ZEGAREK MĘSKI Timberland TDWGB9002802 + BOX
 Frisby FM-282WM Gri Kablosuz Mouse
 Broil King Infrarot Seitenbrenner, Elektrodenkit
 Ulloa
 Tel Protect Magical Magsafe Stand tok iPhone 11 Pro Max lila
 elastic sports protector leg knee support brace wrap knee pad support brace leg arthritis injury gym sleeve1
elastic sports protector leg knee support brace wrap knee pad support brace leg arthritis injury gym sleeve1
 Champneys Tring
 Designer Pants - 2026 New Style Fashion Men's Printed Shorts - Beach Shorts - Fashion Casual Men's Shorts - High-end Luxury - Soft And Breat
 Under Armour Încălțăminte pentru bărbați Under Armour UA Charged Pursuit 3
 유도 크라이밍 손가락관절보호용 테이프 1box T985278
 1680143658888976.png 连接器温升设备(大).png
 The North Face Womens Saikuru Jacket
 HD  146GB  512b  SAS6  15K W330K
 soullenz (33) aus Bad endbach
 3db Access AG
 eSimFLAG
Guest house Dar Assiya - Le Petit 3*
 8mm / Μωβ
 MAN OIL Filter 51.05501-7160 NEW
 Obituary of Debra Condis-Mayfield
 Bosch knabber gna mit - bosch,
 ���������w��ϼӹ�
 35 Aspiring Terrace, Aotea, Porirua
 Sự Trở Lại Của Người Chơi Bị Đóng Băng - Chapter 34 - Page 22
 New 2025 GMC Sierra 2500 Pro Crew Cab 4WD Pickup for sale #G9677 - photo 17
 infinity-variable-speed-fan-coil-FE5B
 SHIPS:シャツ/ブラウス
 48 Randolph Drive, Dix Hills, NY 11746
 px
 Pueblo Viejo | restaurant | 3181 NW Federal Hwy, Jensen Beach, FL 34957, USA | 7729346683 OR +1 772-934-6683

····················

Transcribe the opening lines of the listing exactly, please. Stop after the line that contains "Obituary of Debra Condis-Mayfield".

EXERCISE SOLUTION ::
ZEGAREK MĘSKI Timberland TDWGB9002802 + BOX
 Frisby FM-282WM Gri Kablosuz Mouse
 Broil King Infrarot Seitenbrenner, Elektrodenkit
 Ulloa
 Tel Protect Magical Magsafe Stand tok iPhone 11 Pro Max lila
 elastic sports protector leg knee support brace wrap knee pad support brace leg arthritis injury gym sleeve1
elastic sports protector leg knee support brace wrap knee pad support brace leg arthritis injury gym sleeve1
 Champneys Tring
 Designer Pants - 2026 New Style Fashion Men's Printed Shorts - Beach Shorts - Fashion Casual Men's Shorts - High-end Luxury - Soft And Breat
 Under Armour Încălțăminte pentru bărbați Under Armour UA Charged Pursuit 3
 유도 크라이밍 손가락관절보호용 테이프 1box T985278
 1680143658888976.png 连接器温升设备(大).png
 The North Face Womens Saikuru Jacket
 HD  146GB  512b  SAS6  15K W330K
 soullenz (33) aus Bad endbach
 3db Access AG
 eSimFLAG
Guest house Dar Assiya - Le Petit 3*
 8mm / Μωβ
 MAN OIL Filter 51.05501-7160 NEW
 Obituary of Debra Condis-Mayfield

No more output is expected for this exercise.